- **What is expected**: Repeat the span of the entries below that starts at the line with "2025 Hillcrest Trailers" and ends at the line with "Giraffe Plush Baby Tummy Time Play Mat", nothing more. Skip the pictures.

- **Input data**:
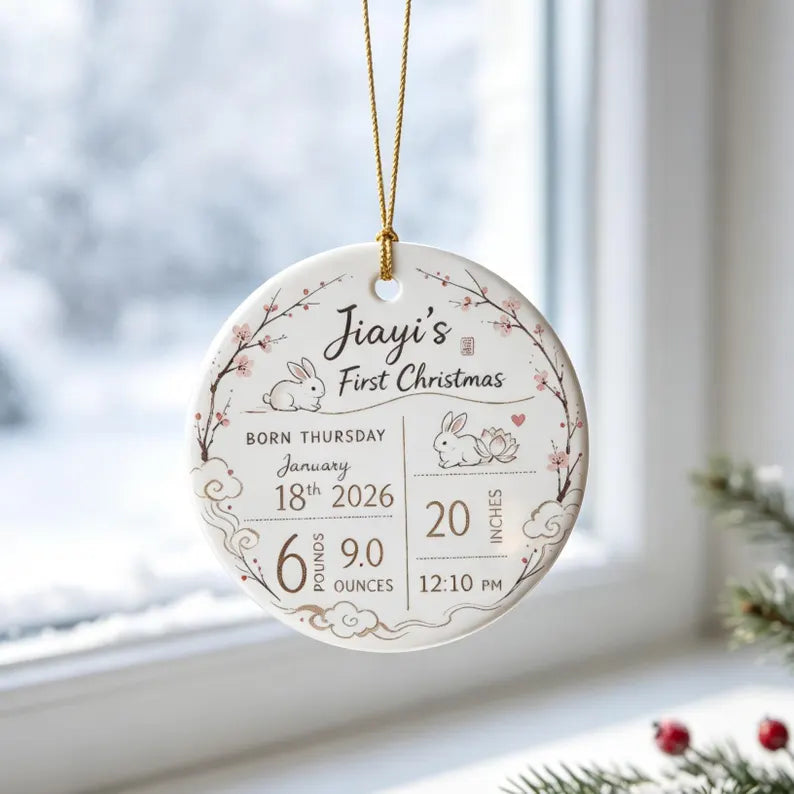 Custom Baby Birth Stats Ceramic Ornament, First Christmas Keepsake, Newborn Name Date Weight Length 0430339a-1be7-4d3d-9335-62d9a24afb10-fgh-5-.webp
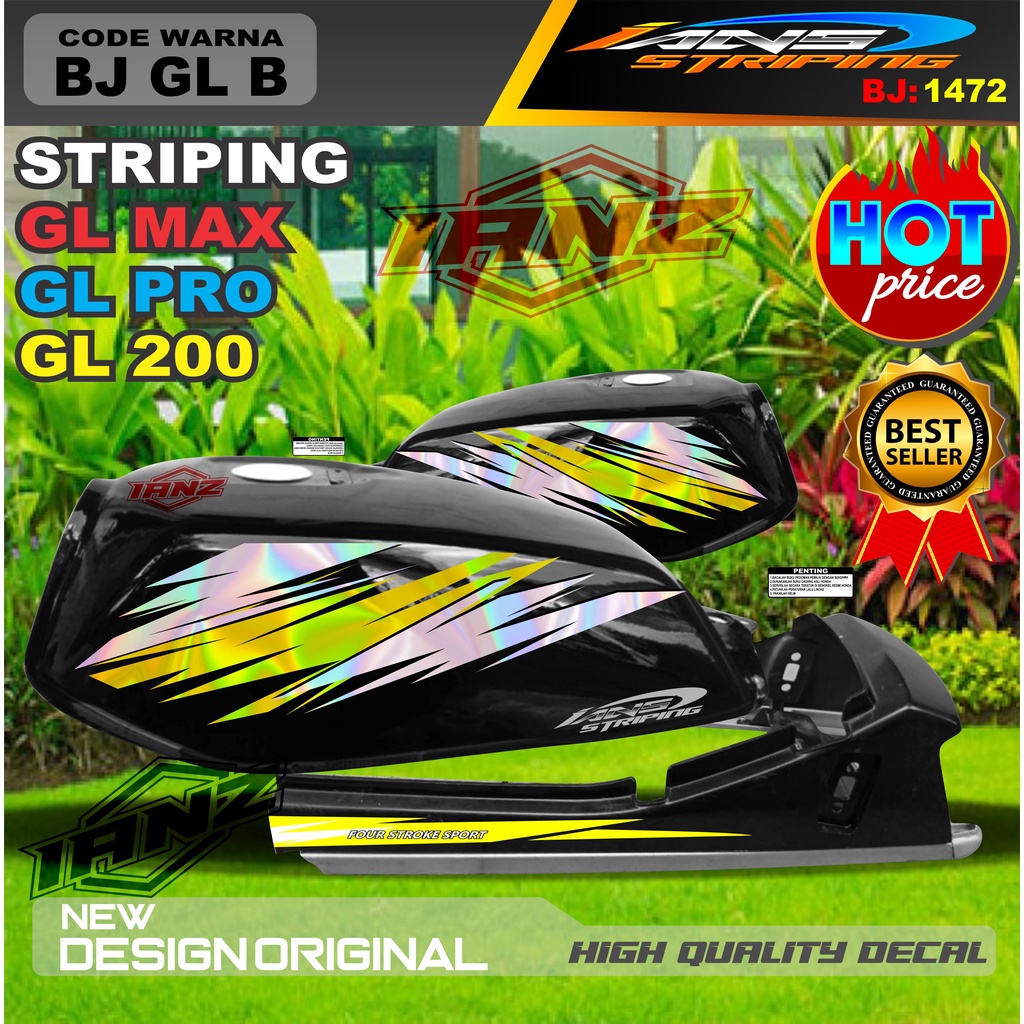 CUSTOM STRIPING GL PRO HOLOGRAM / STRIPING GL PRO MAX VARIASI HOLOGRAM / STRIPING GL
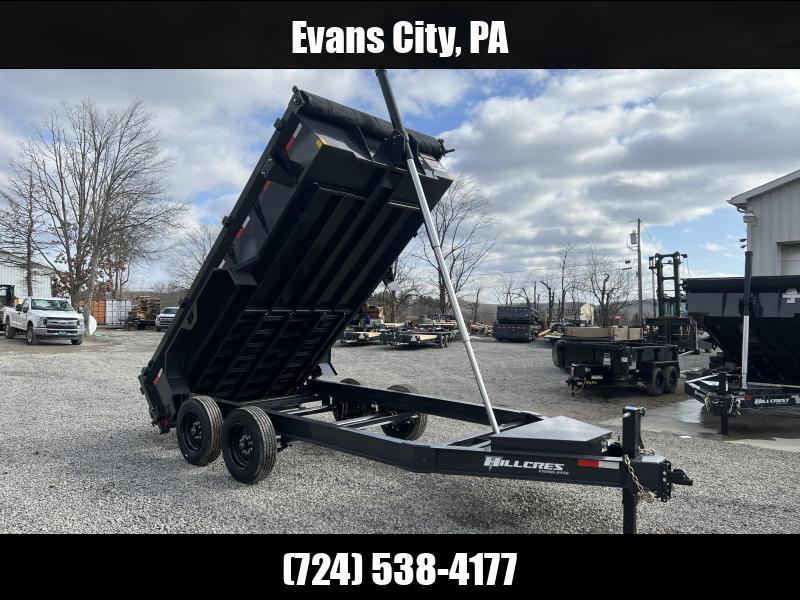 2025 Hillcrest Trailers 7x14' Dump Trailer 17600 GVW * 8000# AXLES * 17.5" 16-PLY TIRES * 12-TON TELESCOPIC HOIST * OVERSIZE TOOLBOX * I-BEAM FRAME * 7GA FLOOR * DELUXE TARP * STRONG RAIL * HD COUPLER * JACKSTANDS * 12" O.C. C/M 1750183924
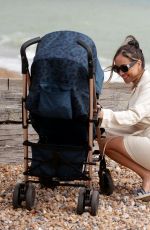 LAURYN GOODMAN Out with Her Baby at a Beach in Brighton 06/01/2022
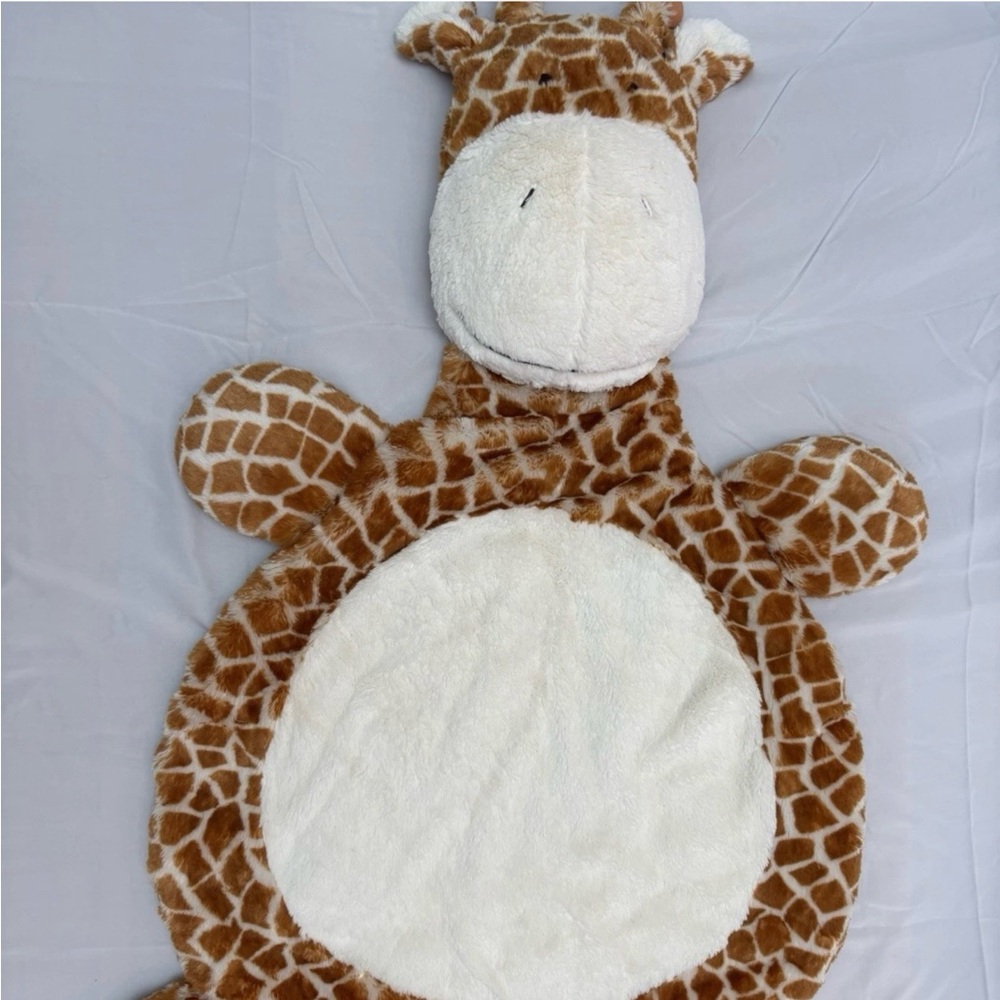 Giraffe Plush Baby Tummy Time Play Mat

* * *

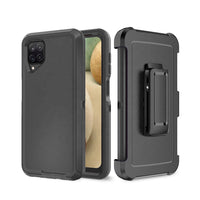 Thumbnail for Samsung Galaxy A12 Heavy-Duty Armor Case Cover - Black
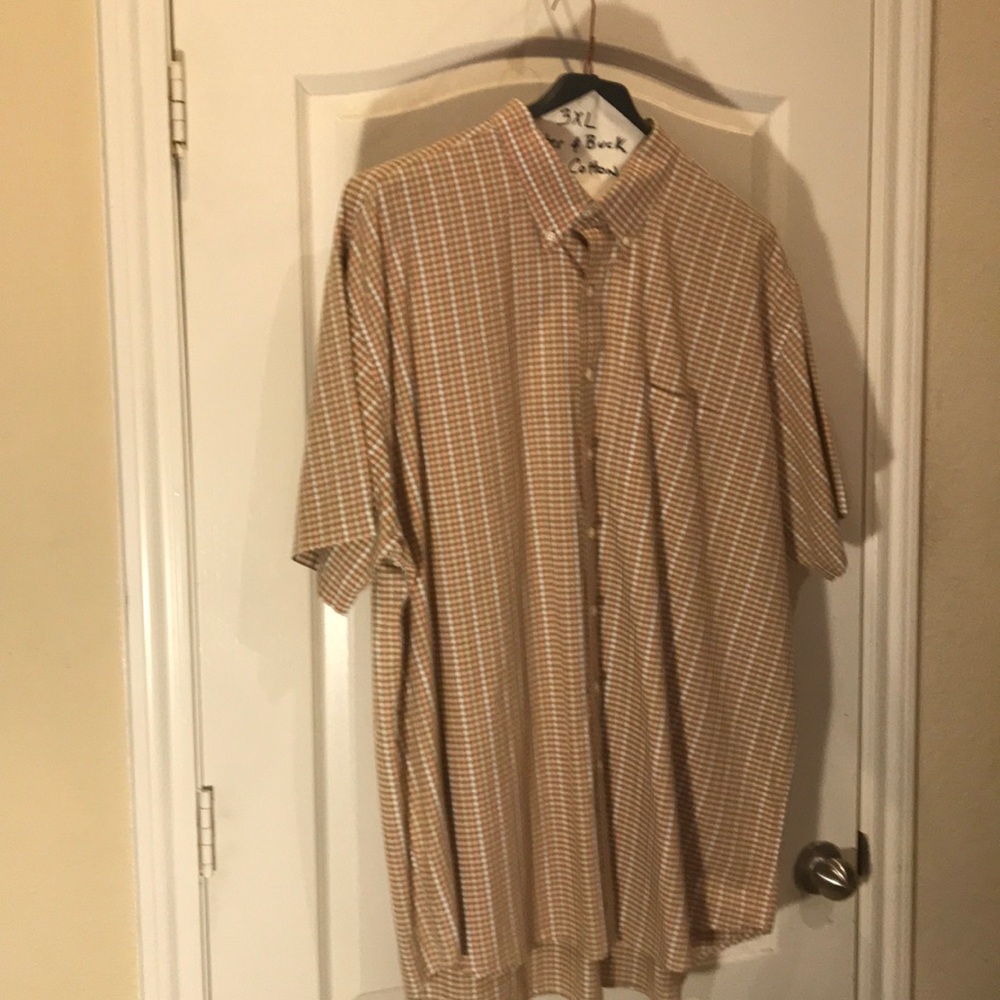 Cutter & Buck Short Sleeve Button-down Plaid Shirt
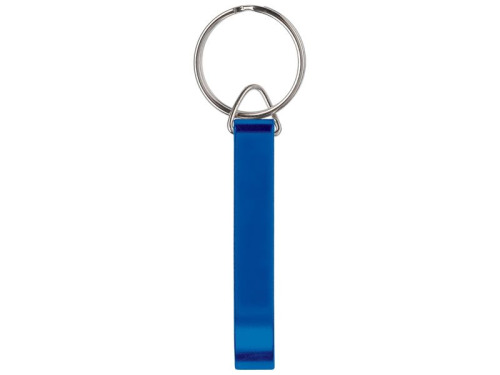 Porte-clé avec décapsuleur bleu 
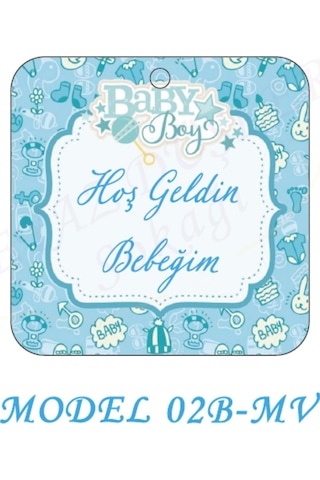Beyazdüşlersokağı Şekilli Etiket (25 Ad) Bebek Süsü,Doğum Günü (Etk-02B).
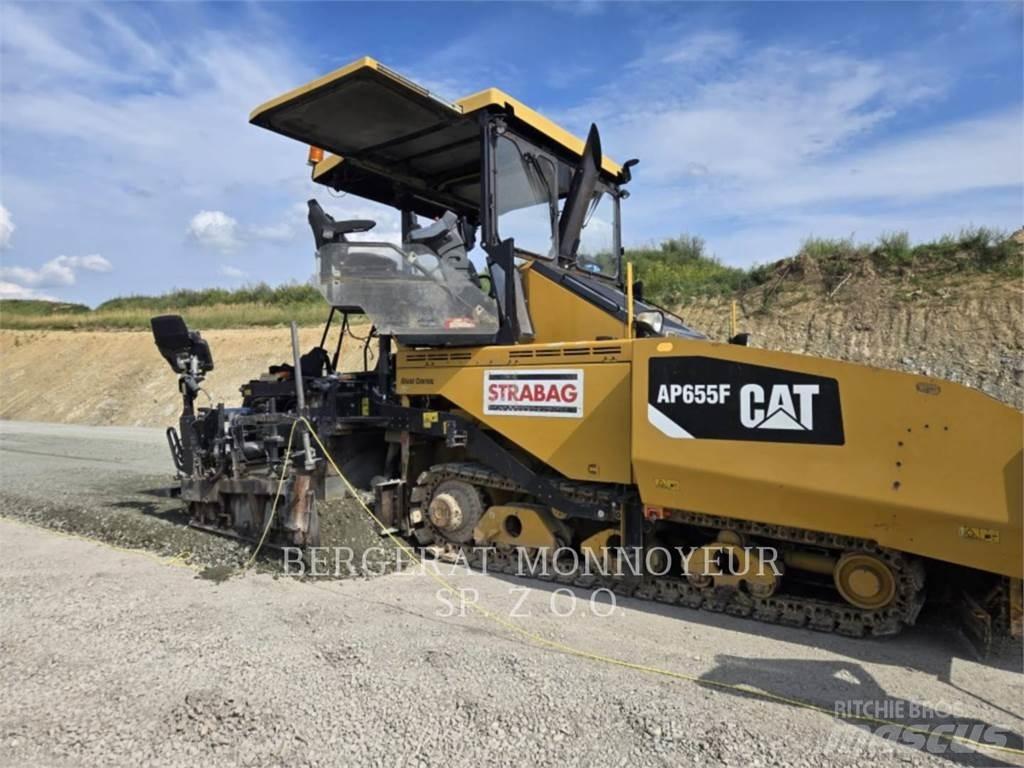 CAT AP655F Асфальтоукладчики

- **Solution to this task**:
 2025 Hillcrest Trailers 7x14' Dump Trailer 17600 GVW * 8000# AXLES * 17.5" 16-PLY TIRES * 12-TON TELESCOPIC HOIST * OVERSIZE TOOLBOX * I-BEAM FRAME * 7GA FLOOR * DELUXE TARP * STRONG RAIL * HD COUPLER * JACKSTANDS * 12" O.C. C/M 1750183924
 LAURYN GOODMAN Out with Her Baby at a Beach in Brighton 06/01/2022
 Giraffe Plush Baby Tummy Time Play Mat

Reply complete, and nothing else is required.